**Problem**. In the records below, find the line containing "2 bedroom house" and the line containing "21485 ISLAND CLUB RD, Tilghman, MD 21671"; please repeat exactly the lines from one to the other, both included, and nothing more.

**Source material**.
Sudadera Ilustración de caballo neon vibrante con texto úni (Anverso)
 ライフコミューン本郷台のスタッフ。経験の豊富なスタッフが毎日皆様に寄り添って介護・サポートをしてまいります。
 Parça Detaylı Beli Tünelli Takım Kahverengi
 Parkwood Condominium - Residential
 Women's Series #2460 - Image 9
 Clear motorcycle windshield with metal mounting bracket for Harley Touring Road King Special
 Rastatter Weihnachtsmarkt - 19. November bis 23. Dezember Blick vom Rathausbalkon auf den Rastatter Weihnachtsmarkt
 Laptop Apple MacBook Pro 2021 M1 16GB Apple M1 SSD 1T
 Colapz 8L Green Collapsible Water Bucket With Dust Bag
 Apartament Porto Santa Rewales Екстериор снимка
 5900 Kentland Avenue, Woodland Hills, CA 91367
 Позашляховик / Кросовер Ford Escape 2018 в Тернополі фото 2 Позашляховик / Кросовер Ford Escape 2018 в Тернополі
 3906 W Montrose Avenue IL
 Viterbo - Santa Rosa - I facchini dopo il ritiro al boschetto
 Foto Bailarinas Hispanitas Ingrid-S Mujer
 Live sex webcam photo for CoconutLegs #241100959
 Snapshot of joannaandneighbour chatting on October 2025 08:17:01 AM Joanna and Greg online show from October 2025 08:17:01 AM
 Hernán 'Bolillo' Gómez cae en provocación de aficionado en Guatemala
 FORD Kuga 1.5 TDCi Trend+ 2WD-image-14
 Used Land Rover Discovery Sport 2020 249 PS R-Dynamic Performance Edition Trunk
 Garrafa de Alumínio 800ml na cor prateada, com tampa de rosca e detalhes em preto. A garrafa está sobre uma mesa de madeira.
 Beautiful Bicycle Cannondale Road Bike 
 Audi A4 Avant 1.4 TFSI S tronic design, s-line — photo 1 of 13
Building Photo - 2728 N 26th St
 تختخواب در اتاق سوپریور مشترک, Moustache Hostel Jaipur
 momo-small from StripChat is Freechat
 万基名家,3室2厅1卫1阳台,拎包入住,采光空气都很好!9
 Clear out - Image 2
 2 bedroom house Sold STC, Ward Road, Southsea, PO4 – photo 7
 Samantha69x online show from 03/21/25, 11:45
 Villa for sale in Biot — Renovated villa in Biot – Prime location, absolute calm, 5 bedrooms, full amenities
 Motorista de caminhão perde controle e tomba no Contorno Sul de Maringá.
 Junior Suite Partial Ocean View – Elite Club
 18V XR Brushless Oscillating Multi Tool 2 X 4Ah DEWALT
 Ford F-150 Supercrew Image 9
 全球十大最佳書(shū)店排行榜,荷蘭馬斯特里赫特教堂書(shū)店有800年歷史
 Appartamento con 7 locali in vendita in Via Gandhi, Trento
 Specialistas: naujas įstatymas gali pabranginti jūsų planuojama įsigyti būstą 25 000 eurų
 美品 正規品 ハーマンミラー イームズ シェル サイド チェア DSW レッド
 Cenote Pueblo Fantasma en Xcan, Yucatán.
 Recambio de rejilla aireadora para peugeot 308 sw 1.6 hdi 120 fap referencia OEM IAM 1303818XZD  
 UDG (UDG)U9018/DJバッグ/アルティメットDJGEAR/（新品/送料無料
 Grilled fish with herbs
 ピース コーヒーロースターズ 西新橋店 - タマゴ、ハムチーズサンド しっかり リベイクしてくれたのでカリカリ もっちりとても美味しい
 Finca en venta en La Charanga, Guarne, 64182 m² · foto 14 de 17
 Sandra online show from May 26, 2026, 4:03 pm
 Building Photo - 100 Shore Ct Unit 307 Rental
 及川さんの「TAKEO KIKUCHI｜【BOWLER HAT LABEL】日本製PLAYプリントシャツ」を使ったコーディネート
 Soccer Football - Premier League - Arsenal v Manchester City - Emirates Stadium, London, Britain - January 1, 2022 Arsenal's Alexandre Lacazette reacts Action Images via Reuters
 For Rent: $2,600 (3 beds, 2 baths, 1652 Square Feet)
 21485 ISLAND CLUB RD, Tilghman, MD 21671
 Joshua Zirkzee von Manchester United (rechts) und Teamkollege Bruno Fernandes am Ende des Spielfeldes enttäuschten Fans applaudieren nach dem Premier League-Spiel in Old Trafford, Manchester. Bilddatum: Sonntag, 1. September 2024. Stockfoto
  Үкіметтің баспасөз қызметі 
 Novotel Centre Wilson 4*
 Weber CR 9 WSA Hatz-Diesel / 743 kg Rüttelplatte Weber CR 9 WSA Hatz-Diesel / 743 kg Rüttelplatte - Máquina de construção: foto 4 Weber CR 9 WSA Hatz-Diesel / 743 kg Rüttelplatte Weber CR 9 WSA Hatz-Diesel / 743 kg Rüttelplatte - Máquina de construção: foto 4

**Problem solution**.
 2 bedroom house Sold STC, Ward Road, Southsea, PO4 – photo 7
 Samantha69x online show from 03/21/25, 11:45
 Villa for sale in Biot — Renovated villa in Biot – Prime location, absolute calm, 5 bedrooms, full amenities
 Motorista de caminhão perde controle e tomba no Contorno Sul de Maringá.
 Junior Suite Partial Ocean View – Elite Club
 18V XR Brushless Oscillating Multi Tool 2 X 4Ah DEWALT
 Ford F-150 Supercrew Image 9
 全球十大最佳書(shū)店排行榜,荷蘭馬斯特里赫特教堂書(shū)店有800年歷史
 Appartamento con 7 locali in vendita in Via Gandhi, Trento
 Specialistas: naujas įstatymas gali pabranginti jūsų planuojama įsigyti būstą 25 000 eurų
 美品 正規品 ハーマンミラー イームズ シェル サイド チェア DSW レッド
 Cenote Pueblo Fantasma en Xcan, Yucatán.
 Recambio de rejilla aireadora para peugeot 308 sw 1.6 hdi 120 fap referencia OEM IAM 1303818XZD  
 UDG (UDG)U9018/DJバッグ/アルティメットDJGEAR/（新品/送料無料
 Grilled fish with herbs
 ピース コーヒーロースターズ 西新橋店 - タマゴ、ハムチーズサンド しっかり リベイクしてくれたのでカリカリ もっちりとても美味しい
 Finca en venta en La Charanga, Guarne, 64182 m² · foto 14 de 17
 Sandra online show from May 26, 2026, 4:03 pm
 Building Photo - 100 Shore Ct Unit 307 Rental
 及川さんの「TAKEO KIKUCHI｜【BOWLER HAT LABEL】日本製PLAYプリントシャツ」を使ったコーディネート
 Soccer Football - Premier League - Arsenal v Manchester City - Emirates Stadium, London, Britain - January 1, 2022 Arsenal's Alexandre Lacazette reacts Action Images via Reuters
 For Rent: $2,600 (3 beds, 2 baths, 1652 Square Feet)
 21485 ISLAND CLUB RD, Tilghman, MD 21671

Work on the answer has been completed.